> Exercise details
Report all lines of the data below that hold the word "Baby".

> Data supplied
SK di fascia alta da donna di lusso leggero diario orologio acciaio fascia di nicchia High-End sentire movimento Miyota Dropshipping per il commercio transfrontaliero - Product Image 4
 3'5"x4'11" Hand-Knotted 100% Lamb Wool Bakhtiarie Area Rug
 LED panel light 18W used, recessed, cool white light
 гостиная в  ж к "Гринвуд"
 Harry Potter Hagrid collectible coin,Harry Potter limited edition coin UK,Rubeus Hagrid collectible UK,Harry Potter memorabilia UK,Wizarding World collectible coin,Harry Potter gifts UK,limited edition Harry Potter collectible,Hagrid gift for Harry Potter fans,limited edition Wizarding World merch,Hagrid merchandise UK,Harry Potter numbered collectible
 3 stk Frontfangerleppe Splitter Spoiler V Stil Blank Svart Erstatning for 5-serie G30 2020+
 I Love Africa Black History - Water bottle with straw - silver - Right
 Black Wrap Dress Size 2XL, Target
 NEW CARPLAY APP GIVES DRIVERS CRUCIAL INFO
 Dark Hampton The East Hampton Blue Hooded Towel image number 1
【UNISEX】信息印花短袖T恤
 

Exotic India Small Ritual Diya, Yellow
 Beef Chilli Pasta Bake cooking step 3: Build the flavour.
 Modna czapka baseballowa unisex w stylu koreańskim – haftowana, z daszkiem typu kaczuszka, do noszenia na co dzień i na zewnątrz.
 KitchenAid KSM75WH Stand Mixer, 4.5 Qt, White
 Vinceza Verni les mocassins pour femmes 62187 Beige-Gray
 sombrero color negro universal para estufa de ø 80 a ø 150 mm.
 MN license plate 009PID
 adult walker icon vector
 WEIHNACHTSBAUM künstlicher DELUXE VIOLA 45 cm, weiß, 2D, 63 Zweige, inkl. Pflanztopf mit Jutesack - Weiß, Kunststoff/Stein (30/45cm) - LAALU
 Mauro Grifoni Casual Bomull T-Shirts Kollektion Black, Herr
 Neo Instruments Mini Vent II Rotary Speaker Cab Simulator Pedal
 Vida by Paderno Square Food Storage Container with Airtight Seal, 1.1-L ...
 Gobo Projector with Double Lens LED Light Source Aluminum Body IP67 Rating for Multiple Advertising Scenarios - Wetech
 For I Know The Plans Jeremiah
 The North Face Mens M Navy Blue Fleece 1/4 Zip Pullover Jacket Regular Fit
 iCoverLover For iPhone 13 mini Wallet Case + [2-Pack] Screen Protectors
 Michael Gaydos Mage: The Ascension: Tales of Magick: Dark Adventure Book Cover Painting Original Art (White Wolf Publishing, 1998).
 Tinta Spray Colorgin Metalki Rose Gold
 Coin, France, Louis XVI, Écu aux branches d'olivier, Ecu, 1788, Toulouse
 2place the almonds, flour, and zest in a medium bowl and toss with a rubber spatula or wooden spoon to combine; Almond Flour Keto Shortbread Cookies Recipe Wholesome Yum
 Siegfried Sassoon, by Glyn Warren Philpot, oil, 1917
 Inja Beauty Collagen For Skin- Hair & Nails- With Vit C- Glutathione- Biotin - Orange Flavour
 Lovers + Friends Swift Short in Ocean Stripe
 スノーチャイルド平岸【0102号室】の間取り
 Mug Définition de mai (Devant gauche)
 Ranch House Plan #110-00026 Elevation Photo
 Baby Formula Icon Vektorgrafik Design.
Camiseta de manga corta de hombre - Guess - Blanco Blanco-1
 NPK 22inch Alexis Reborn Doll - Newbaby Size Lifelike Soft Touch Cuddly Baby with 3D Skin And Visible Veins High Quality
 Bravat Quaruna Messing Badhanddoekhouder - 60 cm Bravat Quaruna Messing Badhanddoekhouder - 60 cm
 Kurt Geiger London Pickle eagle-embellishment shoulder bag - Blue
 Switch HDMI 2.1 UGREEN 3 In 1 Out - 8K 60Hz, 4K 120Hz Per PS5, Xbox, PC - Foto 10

> Expected answer
 Baby Formula Icon Vektorgrafik Design.
 NPK 22inch Alexis Reborn Doll - Newbaby Size Lifelike Soft Touch Cuddly Baby with 3D Skin And Visible Veins High Quality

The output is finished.